Si j’avais de la suite dans les idées, je serais joueur professionnel. Hélas je ne suis qu’un amateur. Tout au plus je n’ai qu’ une paire dont je me sers pour bluffer. Encore que le joueur ne cherche pas à gagner autant qu’à perdre. Ou ni l’un ni l’autre. Le joueur joue, la vie passe. Elle est passée. Relire est terrible. Hier suis resté au moins deux heures sur un geste d’enfance, perdu dans des élucubrations sans fin. Car évidemment une mène à une autre et ainsi de suite. en attendant la bille roule ( on entend l’horrible bruit de tourniquet ) Les jeux sont faits et c’est rouge, impair et passe.

Je me sens comme parmi les dernières gouttes d’un évier de cuisine qui se vide.

— Et ça vous gratouille ou ça vous chatouille ?

Sans rire on devient mou. Mourir est bâti sur ça. Et de leur ton docte ils vous patafiolent en se payant vot’ fiole. Sans agressivité, car je n’avais plus guère de temps devant moi, je leur tournai le dos et continuai mon chemin dépourvu de but. Je ne m’en plaignais pas. Ne m’en réjouissais pas non plus. C’était comme ça. Exactement comme ça. Un jour comme-ci un jour comme ça. De deux choses l’une — soit je suis complètement con, soit un génie— Pas de juste milieu n’est-ce pas. En règle général les gens refusent leur génie car il pèse un poids d’âne mort à porter.
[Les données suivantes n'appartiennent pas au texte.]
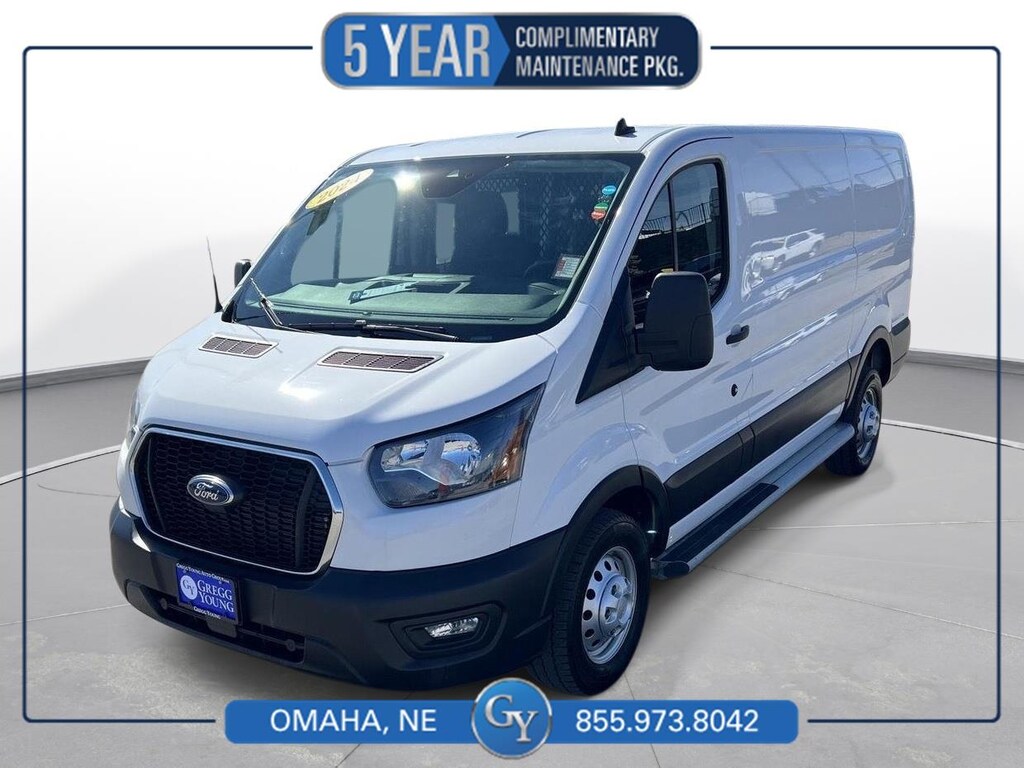 Used 2024 Ford Transit Cargo Van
Encore un tout petit peu plus loin dit ce vieillard sur les épaules du jeune orgueilleux , je pense que ce village là n’est pas le bon village, c’est celui d’après. Mourir d’épuisement à enchaîner des tâches idiotes, n’est-ce pas notre lot commun… Il ne faut pas oublier de baisser la tête pour voir les chaussures du type prétentieux devant soi, ça remet les pendules à l’heure et ça sent moins mauvais que de l’imaginer sur le trône.

La puanteur envahit parfois les berges du fleuve ( l’Oise ) comme si charriée par le courant. D’amont vers l’aval, il faut ainsi chaque matin avaler sa dose de relents d’ordures, de pourriture. L’apprentissage d’une décomposition du monde ( ou de soi ce qui revient au même ) A l’époque le chemin longeait le fleuve jusqu’à la gare. Il était question de brumes, de brouillard. Les contours n’étaient pas très nets. Il arrivait même qu’on n’y voit rien du tout à un mètre devant soi. Et pourtant la confiance faisait le reste. On avançait pour se rendre à l’école, au boulot, à l’église, au pain, à un rendez-vous, un enterrement, etc.

Ce n’est pas se souvenir le but. C’est reconstruire quelque chose d’effondré depuis avant soi, voire même détruit depuis des siècles. Voire même quelque chose qui n’existe pas, qui n’a jamais existé. C’est très fugace. Mais insistant. Presque aussi insistant que fugace. C’est parfois même énervant, agaçant.

Le pessimisme est aujourd’hui une source d’inspiration plus prolifique que jamais. Dois-je pour autant être pessimiste à tous les moments de la journée. Non, car ça ne sert à rien la plupart du temps. D’ailleurs, être optimiste non plus ne sert plus à grand chose non plus.

Ceux qui s’agacent de mon pessimisme sont très probablement plus pessimistes que je ne le suis, sans le savoir. Encore que je ne sache rien, rien du tout. Voilà le beau mantra qui s’amène, pareil à une licorne qui traverse la brume.

C’est vrai, il y a eu des horreurs sans nom. Mais n’oublie pas les belles choses. Tout n’est pas de la cervelle, il y a aussi de l’œil, de l’oreille, du nez et du gout. les jours de chance, du toucher.

Vous ne touchez pas vingt mille francs et vous allez directement en prison. C’est ce qui énerve puis soulage au Monopoly. Comme voir la distance se creuser aux petits chevaux. Se faire damer le pion. Voir sa reine tomber hors de l’échiquier.